EXCERPTED DATA
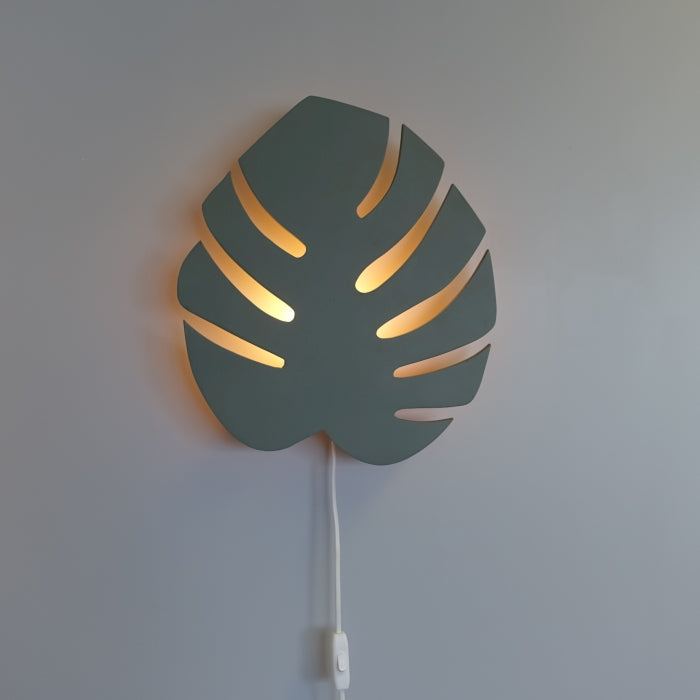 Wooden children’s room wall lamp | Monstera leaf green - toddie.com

==

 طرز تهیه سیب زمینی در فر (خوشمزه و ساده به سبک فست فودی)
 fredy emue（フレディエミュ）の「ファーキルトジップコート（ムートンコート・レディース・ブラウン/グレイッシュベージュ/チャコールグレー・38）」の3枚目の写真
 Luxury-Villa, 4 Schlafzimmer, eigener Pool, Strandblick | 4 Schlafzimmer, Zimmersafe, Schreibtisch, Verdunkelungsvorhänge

TASK DESCRIPTION
In the entries above, please find the line with "طرز تهیه سیب" and the line with "fredy emue（フレデ", then write out exactly those two lines and every line between them, and nothing more.

RESPONSE TO THE TASK
 طرز تهیه سیب زمینی در فر (خوشمزه و ساده به سبک فست فودی)
 fredy emue（フレディエミュ）の「ファーキルトジップコート（ムートンコート・レディース・ブラウン/グレイッシュベージュ/チャコールグレー・38）」の3枚目の写真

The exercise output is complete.